On April, 13 Richard Gillett went on a hunger strike because he felt that the future of rural Newfoundland and Labrador was facing a bleak future because of the mismanagement of our oceans that had sustained us for 500 years.
Over the last 30 years, we have seen just about everything involving our oceans — we went from the moratorium to the present day, but what did we learn?
Richard had two requests:
One for a review of the science and management of all provincial fish stocks, the other a review of the relationship of the fisheries union and the Department of Fisheries and Oceans for Canada.

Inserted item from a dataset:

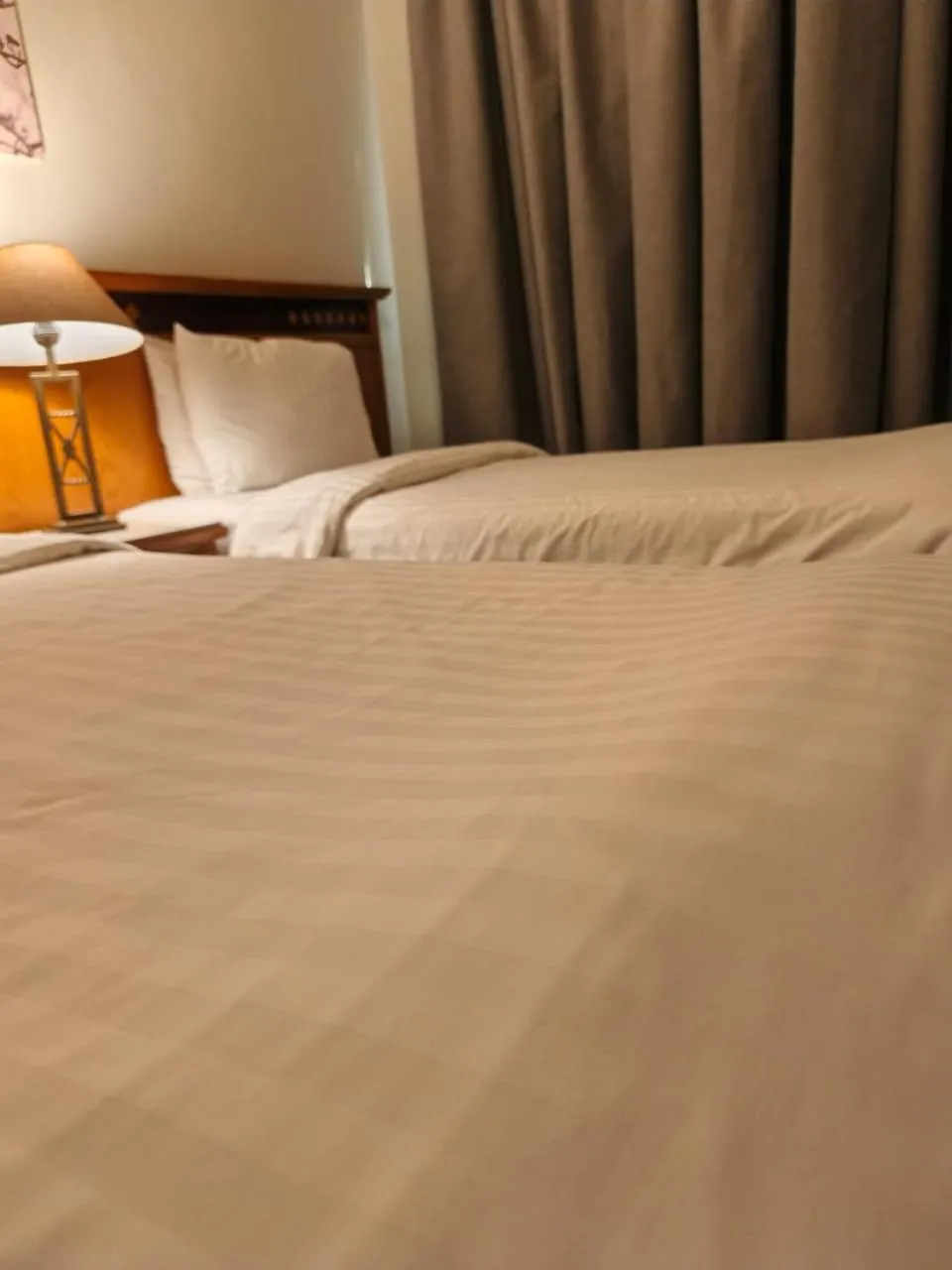 Bed in Kindi Suite Hotel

Two very legitimate questions. DFO has done a terrible job of managing the oceans and the FFAW has been responsible, with the help of DFO, for making too many decisions concerning the fisheries that has not been in line with what fisher people want.

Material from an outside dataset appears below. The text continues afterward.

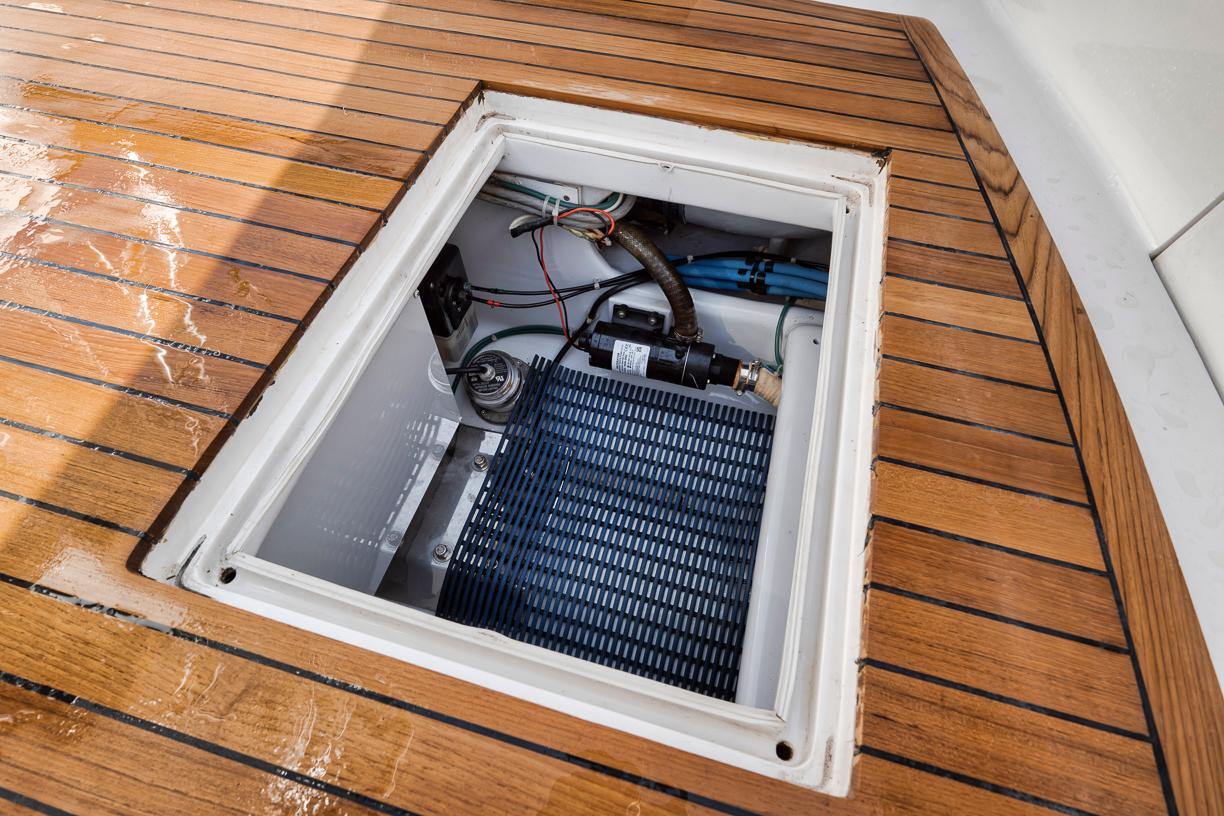 Garlington-44 Express 1996 -FL-US-Open hatch on 1996 Garlington 44 Express boat deck, revealing internal components.-9651424 | Thumbnail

On April 23, Richard ended an 11-day hunger strike because of ill health. While he did not succeed in getting what he wanted (yet), he did accomplish a lot. In my opinion, he is a brave man, who is concerned about this province and has done more than anyone since the moratorium to bring to the forefront the state of our oceans. During the 11 days, the message has gone far and wide and I’m hoping that both levels of government will be embarrassed enough to finally sit down and do something to make our oceans healthy again.
I’m very optimistic it can be done, if the will is there. The fish in the ocean is a public resource, it belongs to all of us and we have a part in making sure it is done right, so that our way of life can be preserved and our children and grandchildren can have a bright future.
(Ret) Capt. Wilfred Bartlett
Green Bay South, N.L.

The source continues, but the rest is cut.